* [SOURCE MATERIAL]:
- Opening Delimiter -
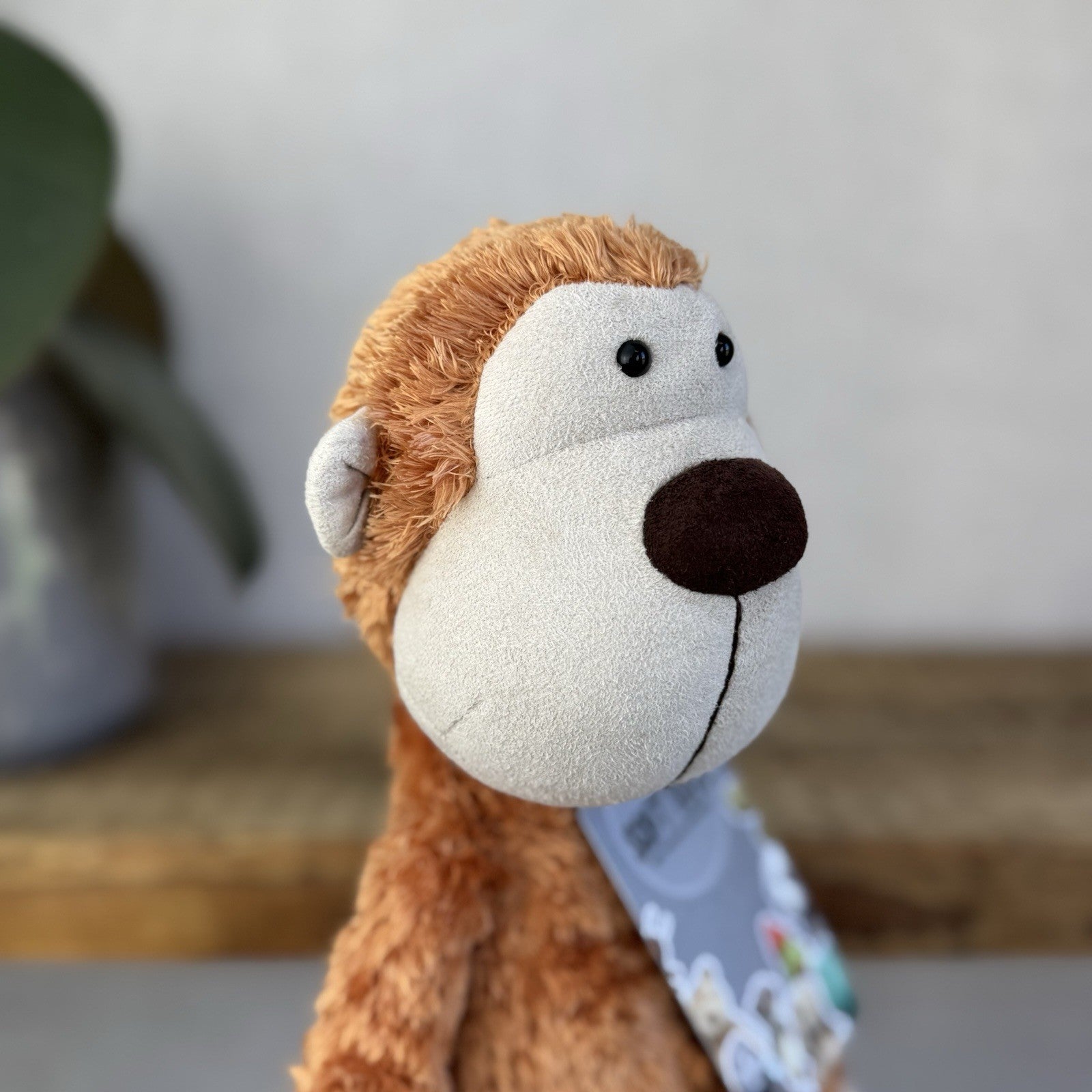Jellycat Doolally Monkey Chimp Vintage Fluffy Orange Monkey Beanie Plush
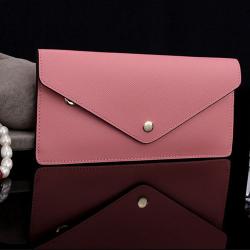 Holographic fashion flap women slim zip envelope wallet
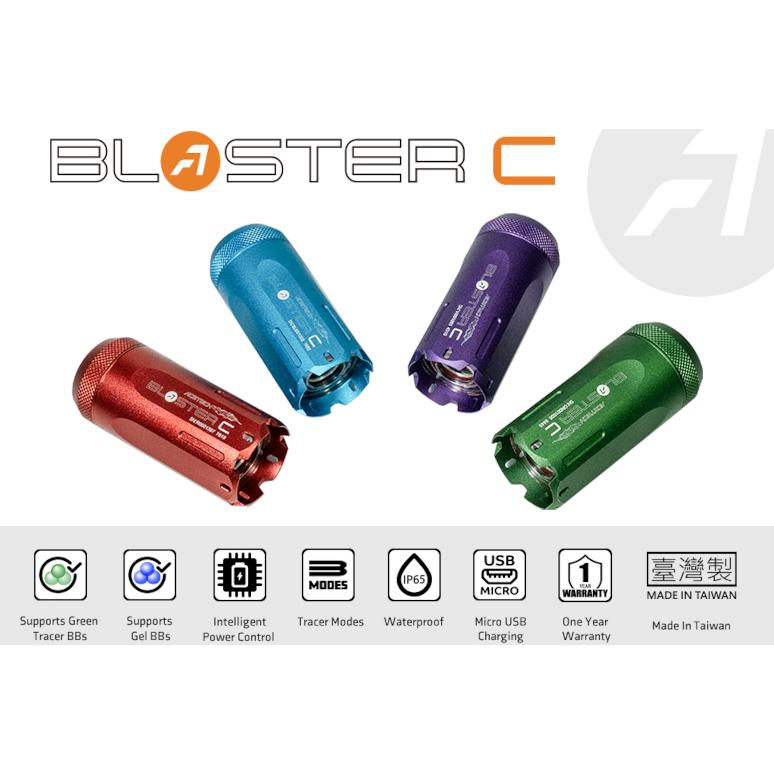 【マズルフラッシュ＆トレーサー弾セット】ACETECH ACETECH製 BLASTER C レッド マズルフラッシュ 小型 トレーサー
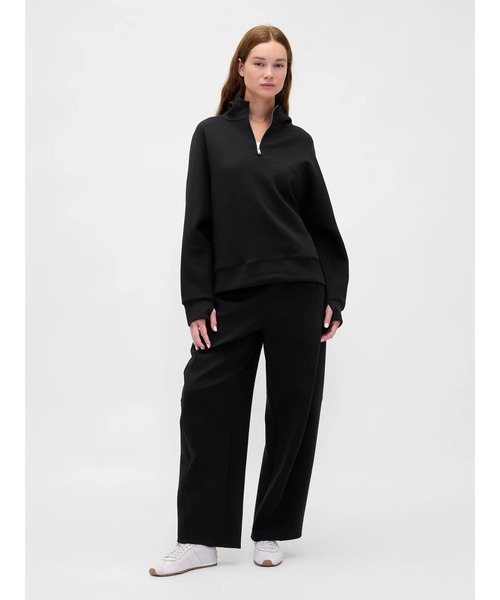 セール】GapFit オーバーサイズ 1/4ジップアップパーカー（パーカー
- Closing Delimiter -
* [DIRECTIONS]: Set down, in exact form, only the lines that start at the one containing "Holographic fashion flap" and finish at the last line of the material; pictures do not go in.

* [RESULT FOR THIS TASK]:
 Holographic fashion flap women slim zip envelope wallet
 【マズルフラッシュ＆トレーサー弾セット】ACETECH ACETECH製 BLASTER C レッド マズルフラッシュ 小型 トレーサー
 セール】GapFit オーバーサイズ 1/4ジップアップパーカー（パーカー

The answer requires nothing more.